Sas Australia turns brutal as Natalie Bassingthwaighte reveals her survival plan

sas australia pushed Natalie Bassingthwaighte into one of her toughest public tests yet, with the singer saying the biggest battles were as much mental as physical. The Australian artist faced the challenge while appearing on SAS: AUS v ENG, filmed in the Moroccan desert with 13 other celebrities from Australia and the UK. She said she had just three weeks to prepare before entering the high-stakes military-style reality format.
What Natalie Bassingthwaighte faced in sas australia
The show placed contestants under the command of Chief Instructor Billy Billingham, with tests built around sleep deprivation, psychological profiling and extreme physical challenges. Bassingthwaighte described the experience as “Big, hard and brutal”, adding that she was especially uneasy about being shouted at by large men in a pressure-cooker environment.

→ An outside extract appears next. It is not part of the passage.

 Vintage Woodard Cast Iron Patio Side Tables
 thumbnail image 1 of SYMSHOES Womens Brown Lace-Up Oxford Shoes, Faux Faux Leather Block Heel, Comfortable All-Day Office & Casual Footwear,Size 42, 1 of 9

She said the fear was not only about the physical demands, but about how she would respond under intense stress. “I didn’t know how it would feel having these big men screaming in my face, because, honestly, I thought that would be just as hard as the physical stuff for me, ” she said.
The singer also said she is not naturally a fighter, which made the environment feel even more intimidating. For her, the challenge became a test of whether the tools she had been building in recent years would hold up under strain.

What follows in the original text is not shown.